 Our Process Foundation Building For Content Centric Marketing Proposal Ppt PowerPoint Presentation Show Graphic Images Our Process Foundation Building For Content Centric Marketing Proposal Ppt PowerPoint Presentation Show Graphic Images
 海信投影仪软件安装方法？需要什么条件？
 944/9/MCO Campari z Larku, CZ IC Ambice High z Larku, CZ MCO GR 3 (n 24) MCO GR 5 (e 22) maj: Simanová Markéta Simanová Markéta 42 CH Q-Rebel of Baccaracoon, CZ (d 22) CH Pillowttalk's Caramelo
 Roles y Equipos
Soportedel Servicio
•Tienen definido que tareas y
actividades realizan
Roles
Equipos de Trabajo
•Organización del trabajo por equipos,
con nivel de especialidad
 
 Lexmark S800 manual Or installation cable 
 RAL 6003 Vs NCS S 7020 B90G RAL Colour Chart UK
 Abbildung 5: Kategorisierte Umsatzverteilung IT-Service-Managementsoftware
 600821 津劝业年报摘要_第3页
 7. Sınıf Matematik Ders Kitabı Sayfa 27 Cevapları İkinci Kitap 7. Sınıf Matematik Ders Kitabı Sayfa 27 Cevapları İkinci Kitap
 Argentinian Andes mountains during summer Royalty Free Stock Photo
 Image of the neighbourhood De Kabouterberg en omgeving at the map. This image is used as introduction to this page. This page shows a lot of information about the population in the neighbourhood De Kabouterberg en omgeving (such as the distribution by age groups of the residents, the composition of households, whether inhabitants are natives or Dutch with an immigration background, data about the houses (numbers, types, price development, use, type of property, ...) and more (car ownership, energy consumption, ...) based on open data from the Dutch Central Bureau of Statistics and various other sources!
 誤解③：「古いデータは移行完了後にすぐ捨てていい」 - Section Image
•••••
■ Work to be completed
Retype exactly the lines from the first line of the records above through the line containing "海信投影仪软件安装方法？需要什么条件？", both included, and nothing else.

■ Output for this task
 Our Process Foundation Building For Content Centric Marketing Proposal Ppt PowerPoint Presentation Show Graphic Images Our Process Foundation Building For Content Centric Marketing Proposal Ppt PowerPoint Presentation Show Graphic Images
 海信投影仪软件安装方法？需要什么条件？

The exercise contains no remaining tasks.